Postural Orthostatic Tachycardia Syndrome (POTS)
Other Names
Autonomic disorder or autonomic dysfunction (over-arching group of conditions of which POTS is a subset)
Dysautonomia (same as autonomic dysfunction)
Functional disorder (Lacking a specific diagnostic test, POTS is a functional disorder, as is migraine headache. Affected patients may have other functional disorders such as chronic pain or functional GI or neurologic disorder.)
Orthostatic intolerance (broad group of problems characterized by bothersome symptoms when upright that improve when lying down; POTS is the form that is chronic and associated with excessive postural tachycardia)
Key Points
Patients with chronic functional disability and a variety of symptoms often seek lots of subspecialty care. With normal results of tests, patients tend to keep seeking new doctors and new tests. It is vitally important that an informed care provider coordinates the evaluation and management. With an accurate diagnosis of POTS and appropriate treatment, unnecessary consultation and “doctor shopping” can be avoided, and the focus on functional restoration maintained.
The diagnosis of POTS is based on clinical history (>3 months of daily intolerance of upright position) coupled with postural tachycardia (>40 beats per minute increase). Acute and intermittent symptoms do not qualify for the diagnosis. Similar symptoms without excessive postural tachycardia indicate orthostatic intolerance but not POTS; the treatment would be identical to the treatment of POTS except that medications are not needed for orthostatic intolerance when there is not excessive postural tachycardia.

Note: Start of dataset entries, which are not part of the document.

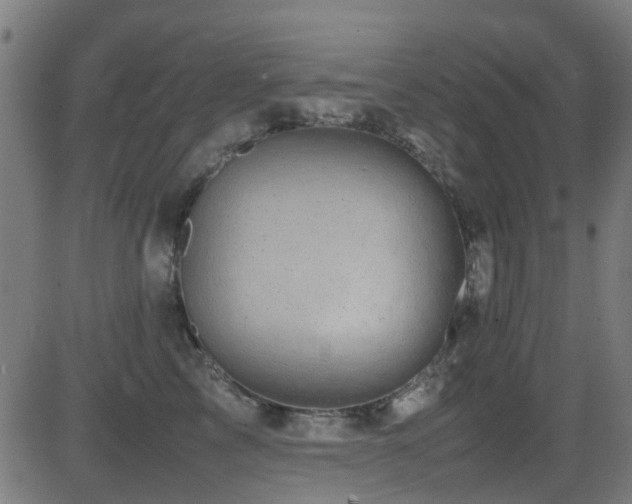 X0000081450713200701121231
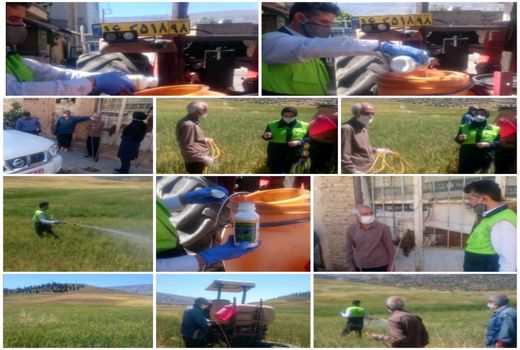 مبارزه با سن گندم در شهرستان بدره انجام شد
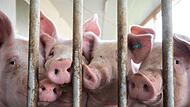 Schweine im Schweinestall Schweine im Schweinestall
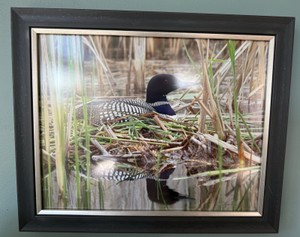 DR - Robert Metropulos Jr. Framed Loon Print  Symbol of the North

Advise patients to drink so much that their urine looks clear, like water. Eat as much salt as you can tolerate; some patients prefer to take salt tablets/capsules. Get aerobic exercise every day (working up to 30 minutes in a single daily session). Get enough sleep every night and don’t take naps. Get help from a good psychologist - and take your medication, too.

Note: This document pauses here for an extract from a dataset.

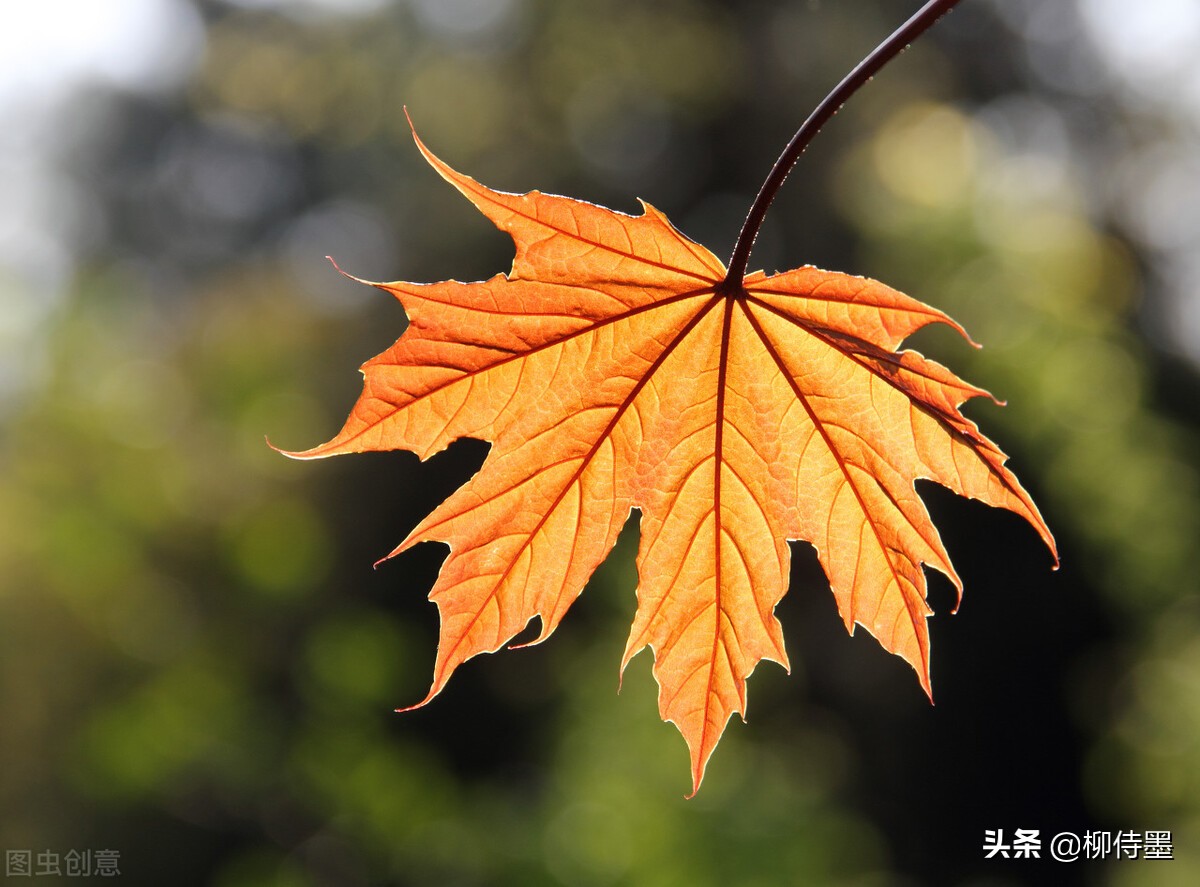秋色如诗，层林尽染醉人心。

Patients with POTS are further compromised when they get behind on regular healthy lifestyle activities, such as stress management, weight management, exercise, regular meals, and sleep. They must keep their bodies in balance. With POTS, maintaining academic and extra-curricular success (or even participation) is difficult. Loving parents tend to do whatever they can to help the patient succeed. However, individuals typically link 2 activities with their recovery – staying in school and exercising regularly, the very activities that are most challenging with POTS. A clear diagnosis and treatment plan help patients and families support activity and recovery rather than inactivity and illness. Parents need to facilitate normal activities rather than helping the patient to stay comfortable with increasing debilitation.
Patients with POTS tend to get sicker with common illnesses than do other patients. Patients with POTS feel terrible in just about every way with just about any symptom. It is vitally important that they even adhere to and even exaggerate their baseline fluid/salt intake and exercise/activity plan when they are ill.
Your patient needs to keep going forward, 1 little step at a time. Failure to improve only rarely relates to medication. Here are things to emphasize:
- Your patient will most likely need to get more aggressive about increasing fluid and salt intake.
- It is critical to get daily aerobic exercise. If the person is too tired to exercise, find the amount of upright exercise the patient can do – even if just 2 minutes of light walking. Make the exercise intense enough so the patient is breathing a bit faster than normal. Then, increase the duration of that daily exercise by 1-2 minutes every 5 days. Gradually, the tolerance for exercise will increase. Keep going until the patient can continue with 30 minutes of aerobic exercise every day.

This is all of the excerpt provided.